Another gift from the space program: car safety

There is a long list of items born as part of the space program that have gone on to everyday use. Memory foam. Ear thermometers. The list goes on. Now, a new safety sensor originally used for spacecraft's wings is adapted by an automaker to improve the safety of its cars.

Thin, flexible foil sensors — known as piezoelectric foil — were developed by European Space Agency engineers to measure pressure during re-entry. The foil converts physical stimuli such as vibration and pressure into electrical pulses that translates into highly accurate data.
It's that highly accurate data that Volkswagen is after. They want to use the sensors to record what happens during their crash testing.
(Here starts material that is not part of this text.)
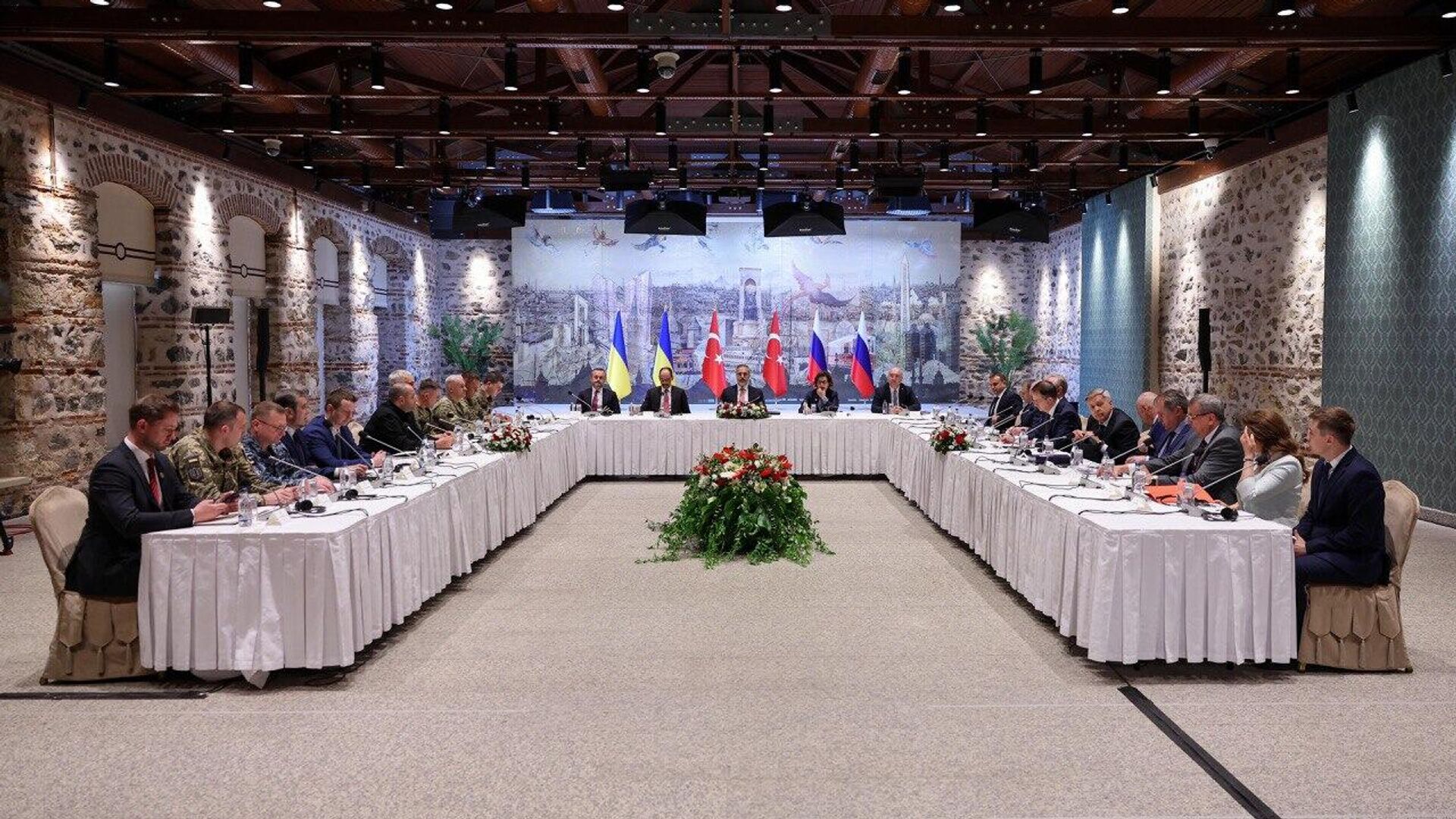 Переговоры представителей России, Украины и Турции в Стамбуле Переговоры представителей России, Украины и Турции в Стамбуле - اسپوتنیک ایران , 1920, 28.05.2025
The piezoelectric foil is perfect in many ways. By design it was intended to be thin enough not to induce drag — important on a spacecraft wing and also when covering the entire surface a car during testing.
Add to that the fact that the material is thin and flexible enough that it won't break. Engineers can gain data from crash the foil covered cars in a way they couldn't have with regular sensors that often break on impact.
The strips of foil have thin printed circuit boards on their ends that record the electrical impulses created by the crash. Every dent will be translated into something that can precisely be measured.
That's something very much appreciated by the VW engineers looking for exacting information to translate in back into safety solutions.
VW engineer Jens Weinrich summed it up: "We wanted not just qualitative, but also quantitative results. We wanted to know where it folded, and how much it folded."
That translates to a lot of "folds" that future car owners will probably never have to worry about.